Data extracted from a collection
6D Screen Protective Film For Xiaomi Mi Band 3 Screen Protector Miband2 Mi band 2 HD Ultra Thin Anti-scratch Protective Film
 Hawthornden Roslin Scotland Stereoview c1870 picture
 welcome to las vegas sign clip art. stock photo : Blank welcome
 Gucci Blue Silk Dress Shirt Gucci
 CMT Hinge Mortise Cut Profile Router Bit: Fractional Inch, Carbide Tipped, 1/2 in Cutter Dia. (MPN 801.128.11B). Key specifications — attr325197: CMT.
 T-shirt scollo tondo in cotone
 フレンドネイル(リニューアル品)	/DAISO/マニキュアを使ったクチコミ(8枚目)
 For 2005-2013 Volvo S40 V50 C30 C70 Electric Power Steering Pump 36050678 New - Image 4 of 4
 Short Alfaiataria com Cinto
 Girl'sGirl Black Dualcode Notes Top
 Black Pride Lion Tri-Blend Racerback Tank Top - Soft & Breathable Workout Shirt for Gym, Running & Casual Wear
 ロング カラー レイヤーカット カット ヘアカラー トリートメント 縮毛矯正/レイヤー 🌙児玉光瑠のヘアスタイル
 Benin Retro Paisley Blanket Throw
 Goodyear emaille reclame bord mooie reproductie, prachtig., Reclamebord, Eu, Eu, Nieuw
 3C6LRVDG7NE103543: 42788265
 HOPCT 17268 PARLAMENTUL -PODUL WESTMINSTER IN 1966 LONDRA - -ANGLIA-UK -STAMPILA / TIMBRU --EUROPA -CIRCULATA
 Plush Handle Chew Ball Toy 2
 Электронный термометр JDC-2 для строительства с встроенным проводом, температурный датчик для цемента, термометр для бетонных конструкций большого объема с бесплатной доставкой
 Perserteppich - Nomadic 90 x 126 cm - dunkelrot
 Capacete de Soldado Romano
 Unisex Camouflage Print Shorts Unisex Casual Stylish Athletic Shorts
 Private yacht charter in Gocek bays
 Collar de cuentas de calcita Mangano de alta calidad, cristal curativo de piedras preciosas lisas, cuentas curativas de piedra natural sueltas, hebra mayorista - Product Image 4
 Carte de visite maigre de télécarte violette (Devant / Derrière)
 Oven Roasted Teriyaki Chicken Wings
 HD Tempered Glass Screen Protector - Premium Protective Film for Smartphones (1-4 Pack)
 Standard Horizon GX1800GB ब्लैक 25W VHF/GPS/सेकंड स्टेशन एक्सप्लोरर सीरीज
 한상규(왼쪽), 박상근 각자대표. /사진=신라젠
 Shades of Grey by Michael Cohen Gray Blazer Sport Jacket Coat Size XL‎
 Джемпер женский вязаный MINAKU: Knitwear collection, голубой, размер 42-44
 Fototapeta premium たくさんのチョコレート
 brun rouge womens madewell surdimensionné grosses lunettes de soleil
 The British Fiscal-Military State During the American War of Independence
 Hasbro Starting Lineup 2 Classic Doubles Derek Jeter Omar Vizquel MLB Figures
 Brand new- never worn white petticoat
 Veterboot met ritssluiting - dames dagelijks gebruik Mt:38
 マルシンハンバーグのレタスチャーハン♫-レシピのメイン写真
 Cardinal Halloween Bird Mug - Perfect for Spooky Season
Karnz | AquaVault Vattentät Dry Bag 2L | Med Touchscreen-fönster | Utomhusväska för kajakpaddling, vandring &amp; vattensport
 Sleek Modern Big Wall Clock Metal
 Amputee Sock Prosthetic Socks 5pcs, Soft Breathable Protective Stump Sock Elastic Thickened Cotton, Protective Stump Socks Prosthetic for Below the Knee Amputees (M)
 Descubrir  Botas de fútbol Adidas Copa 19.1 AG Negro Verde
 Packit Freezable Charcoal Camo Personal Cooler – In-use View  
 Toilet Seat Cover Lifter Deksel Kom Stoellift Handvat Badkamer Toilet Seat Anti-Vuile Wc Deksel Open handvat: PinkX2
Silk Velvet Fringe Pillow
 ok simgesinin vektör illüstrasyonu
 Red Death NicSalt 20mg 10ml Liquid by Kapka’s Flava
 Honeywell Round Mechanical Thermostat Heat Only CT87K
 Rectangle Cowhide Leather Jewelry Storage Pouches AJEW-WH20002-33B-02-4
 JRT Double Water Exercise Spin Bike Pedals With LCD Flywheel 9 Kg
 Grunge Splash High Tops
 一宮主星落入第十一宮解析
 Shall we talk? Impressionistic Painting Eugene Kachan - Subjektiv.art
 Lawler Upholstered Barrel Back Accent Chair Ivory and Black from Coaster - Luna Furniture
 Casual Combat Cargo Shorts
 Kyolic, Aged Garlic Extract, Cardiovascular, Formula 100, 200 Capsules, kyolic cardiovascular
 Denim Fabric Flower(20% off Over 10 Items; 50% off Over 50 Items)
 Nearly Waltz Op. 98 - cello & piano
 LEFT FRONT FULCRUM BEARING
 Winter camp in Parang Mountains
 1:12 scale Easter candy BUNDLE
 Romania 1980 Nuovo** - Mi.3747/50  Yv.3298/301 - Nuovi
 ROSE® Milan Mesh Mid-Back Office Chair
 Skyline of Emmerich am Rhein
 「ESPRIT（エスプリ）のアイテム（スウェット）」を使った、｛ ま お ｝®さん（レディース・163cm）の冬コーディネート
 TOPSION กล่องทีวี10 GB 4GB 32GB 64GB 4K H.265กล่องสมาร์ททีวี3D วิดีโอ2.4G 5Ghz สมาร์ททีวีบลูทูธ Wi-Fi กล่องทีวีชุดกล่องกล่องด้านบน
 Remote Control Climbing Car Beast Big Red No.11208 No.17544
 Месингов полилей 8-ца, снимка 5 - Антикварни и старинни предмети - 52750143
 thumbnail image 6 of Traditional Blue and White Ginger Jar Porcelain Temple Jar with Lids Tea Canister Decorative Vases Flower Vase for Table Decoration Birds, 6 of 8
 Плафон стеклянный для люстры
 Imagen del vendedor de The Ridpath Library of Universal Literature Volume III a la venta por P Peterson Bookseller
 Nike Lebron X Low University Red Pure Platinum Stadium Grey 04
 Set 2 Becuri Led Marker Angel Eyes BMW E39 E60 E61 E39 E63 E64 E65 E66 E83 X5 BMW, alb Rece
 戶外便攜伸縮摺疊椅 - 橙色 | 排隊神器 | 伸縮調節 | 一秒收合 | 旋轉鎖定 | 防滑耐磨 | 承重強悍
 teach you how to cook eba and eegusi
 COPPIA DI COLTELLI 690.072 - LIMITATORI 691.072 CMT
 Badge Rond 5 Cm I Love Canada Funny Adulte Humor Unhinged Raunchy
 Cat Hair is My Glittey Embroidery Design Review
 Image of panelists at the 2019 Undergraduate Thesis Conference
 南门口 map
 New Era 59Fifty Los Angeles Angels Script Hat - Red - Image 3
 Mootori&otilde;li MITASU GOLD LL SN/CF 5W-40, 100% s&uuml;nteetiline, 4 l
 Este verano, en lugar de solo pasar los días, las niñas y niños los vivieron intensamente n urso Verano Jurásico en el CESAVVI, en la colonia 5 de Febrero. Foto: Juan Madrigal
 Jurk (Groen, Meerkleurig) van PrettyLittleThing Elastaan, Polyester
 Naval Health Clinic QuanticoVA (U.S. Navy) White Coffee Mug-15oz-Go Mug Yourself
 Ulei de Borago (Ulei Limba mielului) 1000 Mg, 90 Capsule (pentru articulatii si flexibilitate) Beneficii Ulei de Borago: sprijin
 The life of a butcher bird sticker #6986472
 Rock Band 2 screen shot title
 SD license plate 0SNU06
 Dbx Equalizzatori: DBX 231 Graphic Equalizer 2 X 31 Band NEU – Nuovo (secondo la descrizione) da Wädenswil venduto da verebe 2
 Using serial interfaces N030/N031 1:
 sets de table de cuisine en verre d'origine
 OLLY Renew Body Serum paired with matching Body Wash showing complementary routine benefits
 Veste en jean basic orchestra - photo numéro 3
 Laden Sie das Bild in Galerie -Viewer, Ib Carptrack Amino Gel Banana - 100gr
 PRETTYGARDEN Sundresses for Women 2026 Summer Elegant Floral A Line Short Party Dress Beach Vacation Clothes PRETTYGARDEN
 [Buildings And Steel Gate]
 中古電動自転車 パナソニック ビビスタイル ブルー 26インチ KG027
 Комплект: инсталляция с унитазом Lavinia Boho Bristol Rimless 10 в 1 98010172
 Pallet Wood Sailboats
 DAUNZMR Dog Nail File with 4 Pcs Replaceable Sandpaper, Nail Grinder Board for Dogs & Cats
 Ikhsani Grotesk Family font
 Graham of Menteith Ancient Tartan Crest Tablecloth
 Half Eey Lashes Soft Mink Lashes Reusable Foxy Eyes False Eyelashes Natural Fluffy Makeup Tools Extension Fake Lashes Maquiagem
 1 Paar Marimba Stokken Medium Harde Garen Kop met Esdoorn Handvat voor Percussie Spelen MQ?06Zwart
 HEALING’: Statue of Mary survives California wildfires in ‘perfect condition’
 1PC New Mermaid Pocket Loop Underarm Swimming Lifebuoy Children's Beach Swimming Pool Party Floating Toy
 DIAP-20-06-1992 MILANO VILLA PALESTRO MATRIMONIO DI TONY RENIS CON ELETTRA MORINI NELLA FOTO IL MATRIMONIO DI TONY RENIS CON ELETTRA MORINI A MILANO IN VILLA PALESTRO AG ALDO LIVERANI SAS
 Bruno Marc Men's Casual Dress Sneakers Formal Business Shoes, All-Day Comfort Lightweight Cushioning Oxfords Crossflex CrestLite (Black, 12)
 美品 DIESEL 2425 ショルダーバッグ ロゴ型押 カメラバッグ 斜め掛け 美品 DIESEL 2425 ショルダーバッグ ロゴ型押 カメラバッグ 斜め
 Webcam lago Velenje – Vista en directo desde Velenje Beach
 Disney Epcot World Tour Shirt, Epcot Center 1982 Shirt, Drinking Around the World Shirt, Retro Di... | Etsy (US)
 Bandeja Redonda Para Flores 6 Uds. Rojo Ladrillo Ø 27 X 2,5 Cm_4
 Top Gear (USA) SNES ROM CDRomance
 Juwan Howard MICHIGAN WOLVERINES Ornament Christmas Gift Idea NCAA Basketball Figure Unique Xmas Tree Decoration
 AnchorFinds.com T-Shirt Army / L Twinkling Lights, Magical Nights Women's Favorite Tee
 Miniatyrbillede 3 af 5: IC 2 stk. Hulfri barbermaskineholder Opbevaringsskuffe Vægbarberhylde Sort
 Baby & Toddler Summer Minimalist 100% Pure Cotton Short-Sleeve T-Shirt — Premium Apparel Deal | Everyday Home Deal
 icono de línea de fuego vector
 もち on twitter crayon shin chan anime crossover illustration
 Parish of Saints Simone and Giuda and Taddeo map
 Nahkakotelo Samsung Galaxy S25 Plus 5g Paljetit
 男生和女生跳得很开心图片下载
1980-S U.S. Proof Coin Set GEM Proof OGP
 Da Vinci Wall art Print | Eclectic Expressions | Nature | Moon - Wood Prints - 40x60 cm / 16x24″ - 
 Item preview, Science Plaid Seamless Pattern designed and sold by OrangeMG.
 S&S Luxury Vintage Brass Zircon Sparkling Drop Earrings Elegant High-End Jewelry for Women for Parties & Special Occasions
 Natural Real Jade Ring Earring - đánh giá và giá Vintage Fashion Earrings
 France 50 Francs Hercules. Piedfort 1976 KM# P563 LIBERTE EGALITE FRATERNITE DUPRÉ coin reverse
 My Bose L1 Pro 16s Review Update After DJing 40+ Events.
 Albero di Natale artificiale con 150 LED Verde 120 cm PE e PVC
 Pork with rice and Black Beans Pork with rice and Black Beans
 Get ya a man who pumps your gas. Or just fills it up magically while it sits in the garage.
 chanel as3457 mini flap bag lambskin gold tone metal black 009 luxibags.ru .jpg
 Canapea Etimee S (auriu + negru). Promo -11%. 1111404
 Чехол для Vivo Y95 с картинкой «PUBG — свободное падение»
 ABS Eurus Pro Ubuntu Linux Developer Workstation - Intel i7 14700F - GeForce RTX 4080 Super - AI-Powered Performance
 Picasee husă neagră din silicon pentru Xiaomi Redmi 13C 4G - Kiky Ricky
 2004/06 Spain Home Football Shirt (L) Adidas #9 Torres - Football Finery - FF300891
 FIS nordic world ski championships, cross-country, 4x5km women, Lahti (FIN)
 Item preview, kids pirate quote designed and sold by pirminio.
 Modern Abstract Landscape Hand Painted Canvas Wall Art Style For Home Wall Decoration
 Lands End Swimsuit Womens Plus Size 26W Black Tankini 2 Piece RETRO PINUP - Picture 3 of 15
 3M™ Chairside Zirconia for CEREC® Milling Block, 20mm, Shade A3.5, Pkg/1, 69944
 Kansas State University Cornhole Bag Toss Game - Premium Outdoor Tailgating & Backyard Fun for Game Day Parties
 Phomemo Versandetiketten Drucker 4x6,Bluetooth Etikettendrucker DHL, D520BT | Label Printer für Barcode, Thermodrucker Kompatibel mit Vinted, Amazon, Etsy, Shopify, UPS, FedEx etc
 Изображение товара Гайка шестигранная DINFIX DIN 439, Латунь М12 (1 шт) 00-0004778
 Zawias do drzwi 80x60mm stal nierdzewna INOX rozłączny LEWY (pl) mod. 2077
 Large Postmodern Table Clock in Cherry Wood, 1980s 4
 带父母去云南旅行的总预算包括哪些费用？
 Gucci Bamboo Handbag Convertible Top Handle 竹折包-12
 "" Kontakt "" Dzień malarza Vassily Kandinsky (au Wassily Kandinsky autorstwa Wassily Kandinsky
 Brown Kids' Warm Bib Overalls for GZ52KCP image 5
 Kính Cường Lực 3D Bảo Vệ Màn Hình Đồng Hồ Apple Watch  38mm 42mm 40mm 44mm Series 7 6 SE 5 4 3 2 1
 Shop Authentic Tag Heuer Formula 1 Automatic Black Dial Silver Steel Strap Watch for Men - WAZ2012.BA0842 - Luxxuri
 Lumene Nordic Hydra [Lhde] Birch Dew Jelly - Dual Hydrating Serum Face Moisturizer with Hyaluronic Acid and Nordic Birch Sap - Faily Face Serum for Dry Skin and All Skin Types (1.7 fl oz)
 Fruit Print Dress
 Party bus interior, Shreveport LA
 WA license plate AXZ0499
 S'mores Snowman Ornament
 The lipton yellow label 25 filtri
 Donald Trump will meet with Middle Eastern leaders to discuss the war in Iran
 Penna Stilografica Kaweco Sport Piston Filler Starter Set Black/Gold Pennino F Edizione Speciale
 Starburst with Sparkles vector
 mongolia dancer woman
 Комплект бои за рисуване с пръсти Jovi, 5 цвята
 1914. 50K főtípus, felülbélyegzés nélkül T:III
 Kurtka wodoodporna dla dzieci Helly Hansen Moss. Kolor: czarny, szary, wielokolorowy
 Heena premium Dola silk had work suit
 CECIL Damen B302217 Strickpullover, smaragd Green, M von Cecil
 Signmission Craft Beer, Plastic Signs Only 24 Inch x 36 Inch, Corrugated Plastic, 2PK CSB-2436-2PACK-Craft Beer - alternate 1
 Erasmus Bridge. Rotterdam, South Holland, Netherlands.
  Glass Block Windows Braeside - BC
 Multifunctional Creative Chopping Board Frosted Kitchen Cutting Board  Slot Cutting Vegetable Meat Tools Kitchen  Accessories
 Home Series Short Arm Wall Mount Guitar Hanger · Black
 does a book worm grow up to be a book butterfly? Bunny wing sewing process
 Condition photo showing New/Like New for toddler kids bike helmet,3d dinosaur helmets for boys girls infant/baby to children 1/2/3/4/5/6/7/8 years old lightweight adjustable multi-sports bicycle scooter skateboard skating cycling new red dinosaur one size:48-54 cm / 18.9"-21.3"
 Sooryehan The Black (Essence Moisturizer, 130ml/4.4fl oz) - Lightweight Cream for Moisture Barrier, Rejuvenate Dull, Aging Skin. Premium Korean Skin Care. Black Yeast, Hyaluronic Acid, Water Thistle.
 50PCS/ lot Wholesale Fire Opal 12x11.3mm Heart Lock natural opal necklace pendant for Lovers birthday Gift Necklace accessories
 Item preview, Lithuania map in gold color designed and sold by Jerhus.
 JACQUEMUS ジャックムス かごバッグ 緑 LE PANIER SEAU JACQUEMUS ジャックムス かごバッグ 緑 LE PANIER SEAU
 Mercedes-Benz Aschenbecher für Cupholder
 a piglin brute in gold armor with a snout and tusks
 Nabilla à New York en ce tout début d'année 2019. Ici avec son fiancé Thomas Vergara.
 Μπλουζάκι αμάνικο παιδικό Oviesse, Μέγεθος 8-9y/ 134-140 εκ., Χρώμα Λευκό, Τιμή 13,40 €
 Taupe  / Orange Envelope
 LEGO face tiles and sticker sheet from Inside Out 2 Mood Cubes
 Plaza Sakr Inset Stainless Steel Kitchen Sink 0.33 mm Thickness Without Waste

▶ **What you are asked to do**: Count, in the records above, the lines that contain "Grey", and write only the resulting number.

▶ **Exercise solution**: 2